Source records
Segment Open
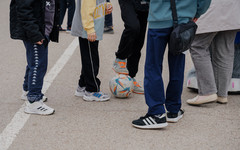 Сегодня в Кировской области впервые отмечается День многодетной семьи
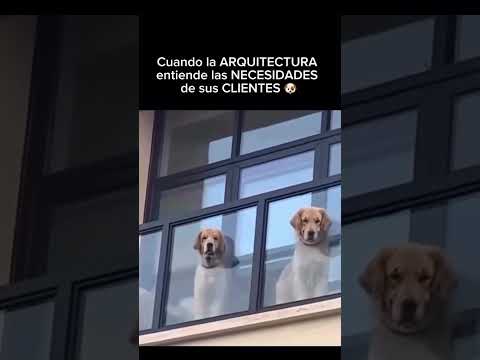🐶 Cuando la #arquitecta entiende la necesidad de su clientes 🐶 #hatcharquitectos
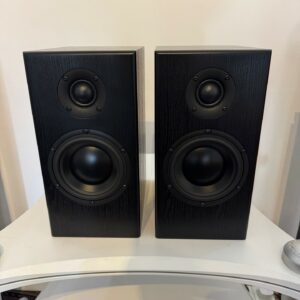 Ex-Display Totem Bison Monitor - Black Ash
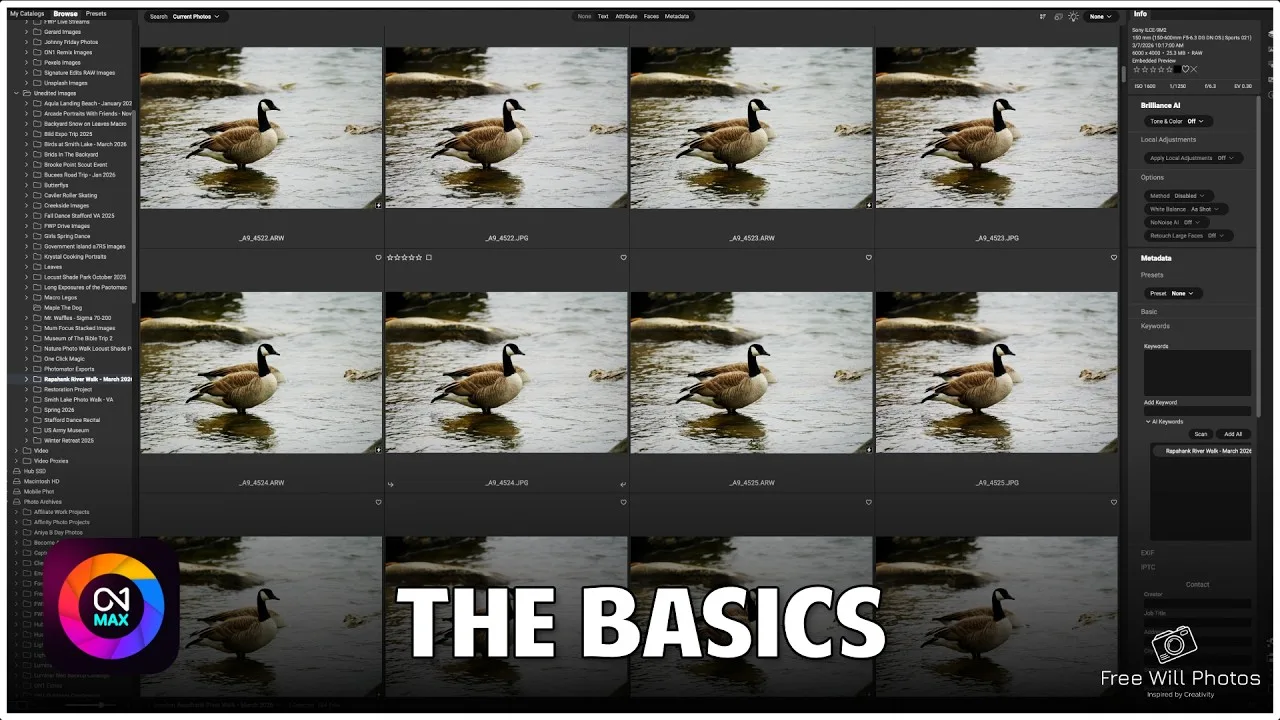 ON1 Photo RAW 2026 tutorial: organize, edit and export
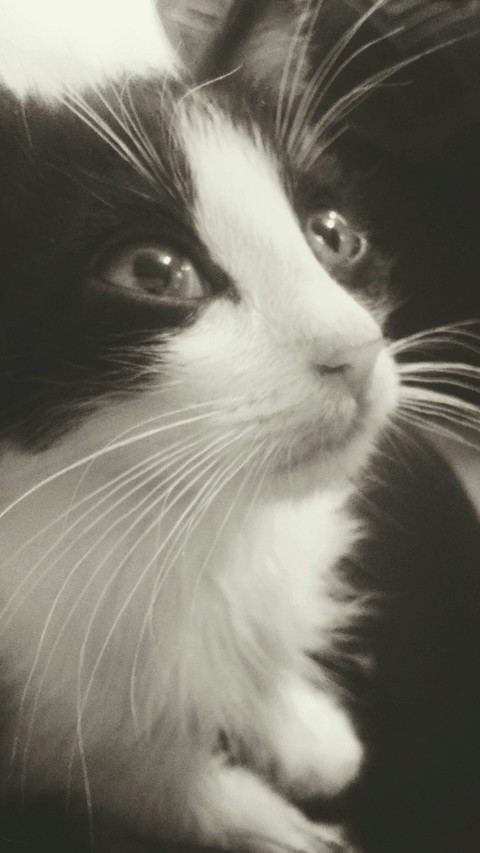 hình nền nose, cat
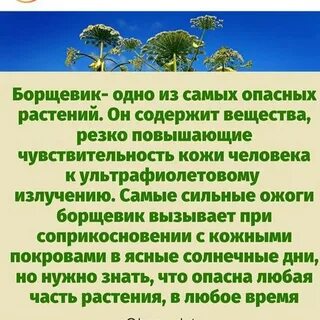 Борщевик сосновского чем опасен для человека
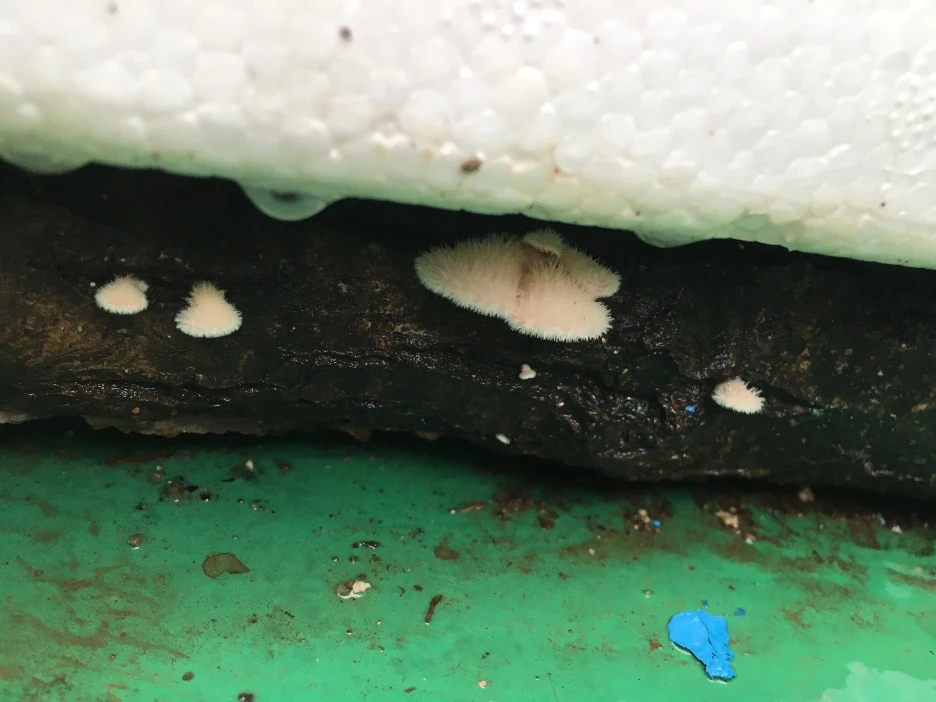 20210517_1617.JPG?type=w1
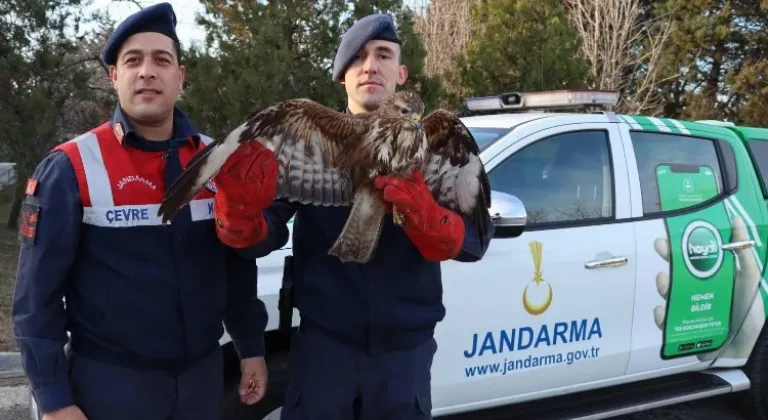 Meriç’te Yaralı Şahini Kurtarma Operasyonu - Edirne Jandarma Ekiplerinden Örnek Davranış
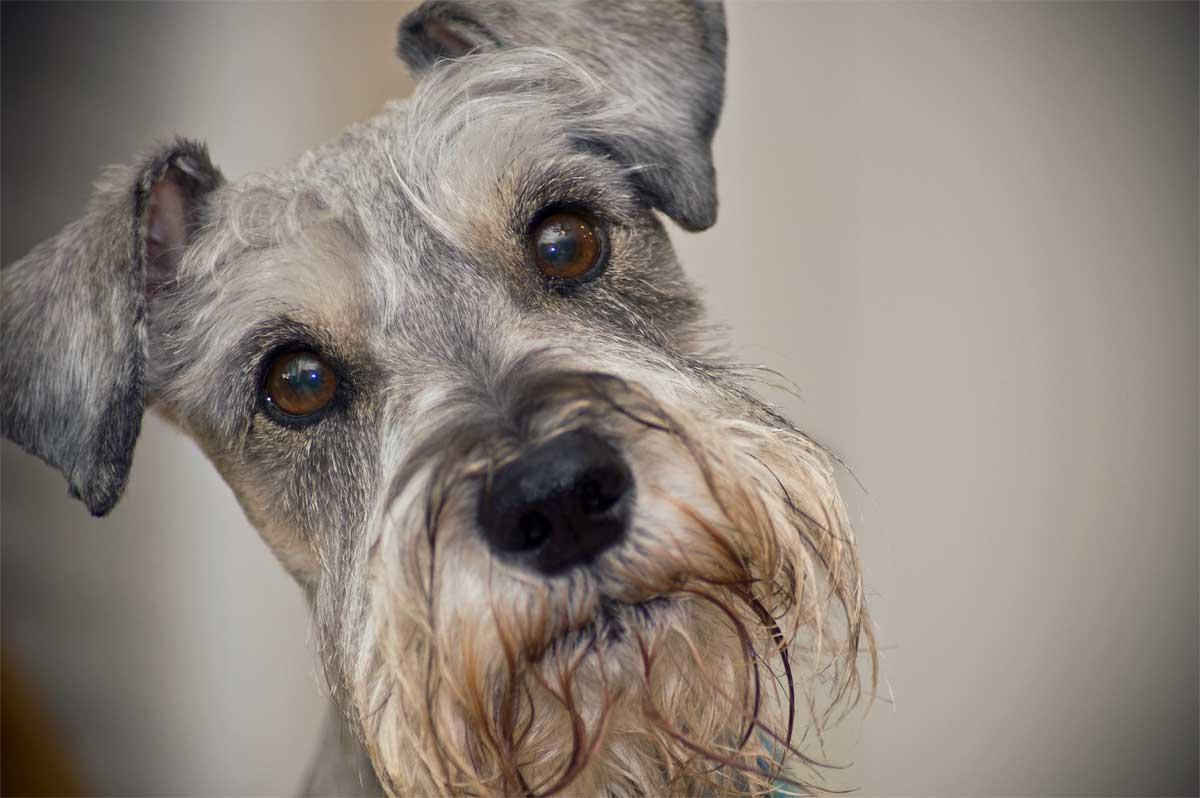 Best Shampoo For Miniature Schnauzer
Segment Closed
Segment Open
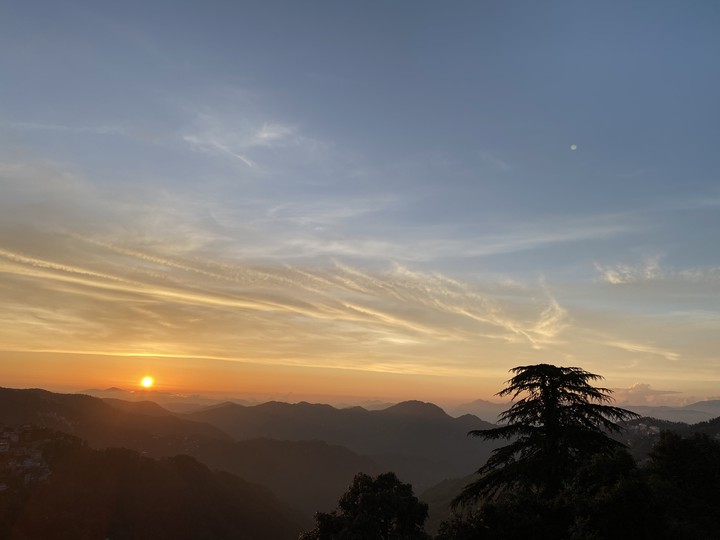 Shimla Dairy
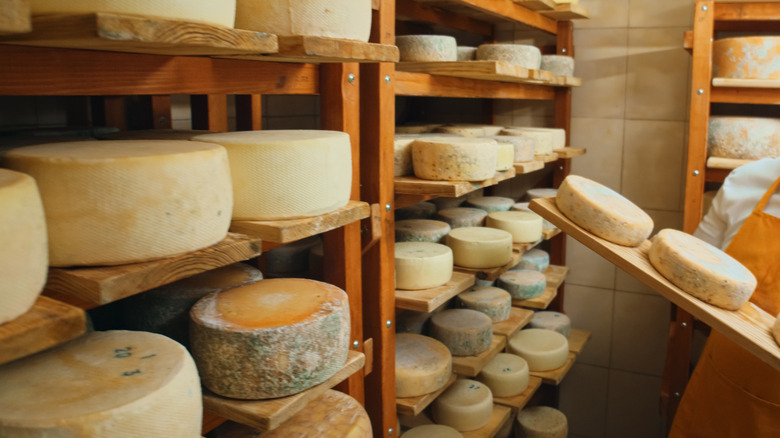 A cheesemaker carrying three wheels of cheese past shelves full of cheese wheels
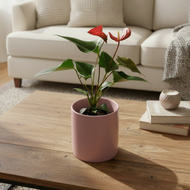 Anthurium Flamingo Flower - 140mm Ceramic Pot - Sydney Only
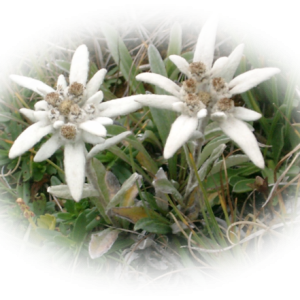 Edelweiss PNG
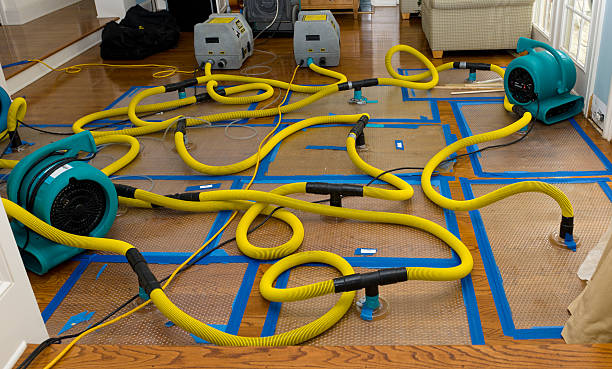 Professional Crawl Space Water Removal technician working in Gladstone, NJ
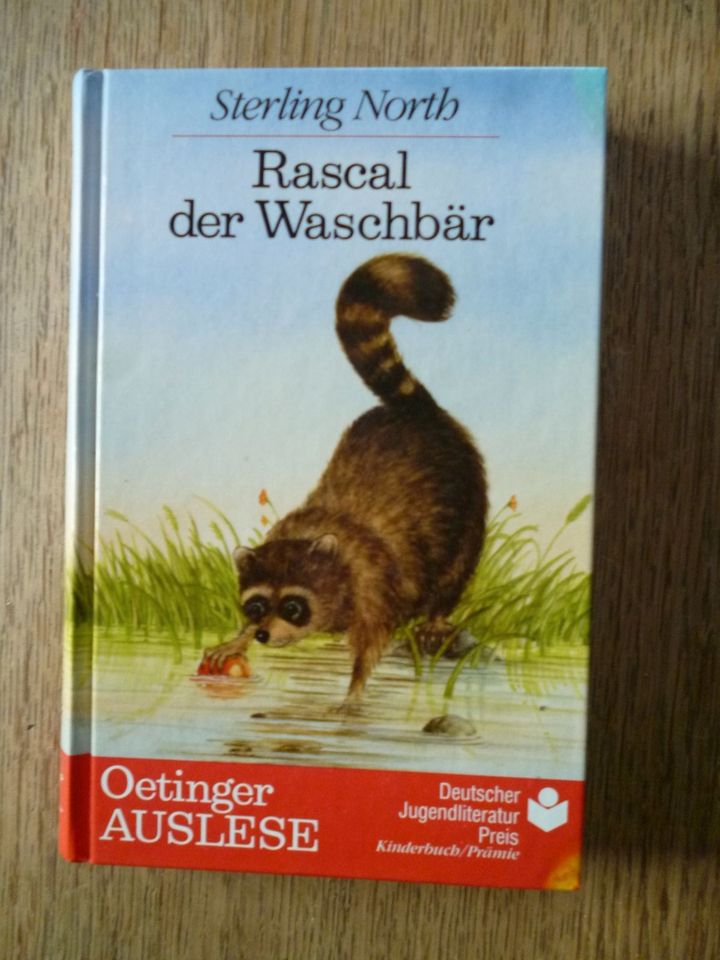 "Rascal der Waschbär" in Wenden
Segment Closed
Aim of the task
Your answer should be the exact lines above from the one containing "Сегодня в Кировской" through the one containing "20210517_1617.JPG?type=w1", with both end lines kept and the pictures removed, please.

Result below
 Сегодня в Кировской области впервые отмечается День многодетной семьи
🐶 Cuando la #arquitecta entiende la necesidad de su clientes 🐶 #hatcharquitectos
 Ex-Display Totem Bison Monitor - Black Ash
 ON1 Photo RAW 2026 tutorial: organize, edit and export
 hình nền nose, cat
 Борщевик сосновского чем опасен для человека
 20210517_1617.JPG?type=w1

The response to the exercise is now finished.